After last November, local Republican leaders with names like Adrienne Pena-Garza, Hilda Garza DeShazo, and Mayra Flores dominate the local political scene, Jennifer Medina reported. “Nearly all of them are Hispanic women.”
Until last year the region was a “longtime Democratic stronghold,” but Latinos swang “sharply” toward the political right in 2020, Medina explained.
In McAllen, “one of the region’s largest cities,” nearly twice as many locals voted for President Trump as in 2016. President Joe Biden won the Rio Grande Valley by only 15 percent, representing a massive loss for the Democratic Party since Hillary Clinton won by a “39-point margin in 2016.”
The New York Times report went on to quote a number of local Hispanic Americans, who pointed out that “Democrats had veered too far to the left, particularly on issues like abortion and gun control,” and also that Democrat enforcers tend to use overtly racist and sexist rhetoric to “shame” Latinos into voting for the Party’s candidates.
One Latina leader, Hidalgo County Republican Party Chair Adrienne Pena-Garza, told the New York Times that Democrat politics used to “scare” her “because you didn’t go against the grain.”
People told her “‘Oh, you’re brown, you have to be Democrat,’ or ‘Oh, you’re female, you have to be a Democrat’,” Pena-Garza said, adding “well, who are you to tell me who I should vote for and who I shouldn’t?”
Ms. Pena-Garza said she was called a coconut — brown on the outside, white on the inside — and a self-hating Latino, labels that have begun to recede only in recent years as she meets more Hispanic Republicans who, like her, embrace policies that they view as helping small business owners and supporting their religious beliefs.
“You can’t shame me or bully me into voting for a party just because that’s the way it’s always been,” Pena-Garza added.
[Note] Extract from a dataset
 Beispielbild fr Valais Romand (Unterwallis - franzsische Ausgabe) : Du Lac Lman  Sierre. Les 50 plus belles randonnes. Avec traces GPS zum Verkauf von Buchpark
Based on conversations Medina had with locals, she suggested a number of factors leading to the shift of Latino voters toward the GOP:
Women who staunchly oppose abortion voted for the first time; wives of Border Patrol agents felt convinced the Trump administration was firmly on their side; mothers picked up on the enthusiasm for Republicans from friends they knew through church or their children’s school.
Other Latino voters exhibit a “profound sense of cynicism,” Medina noted, “a feeling that things will not change no matter who is in charge.” The humanitarian crisis at the border has continued under the Biden administration, and most locals personally know “both undocumented immigrants and Border Patrol agents, occasionally even within the same family.”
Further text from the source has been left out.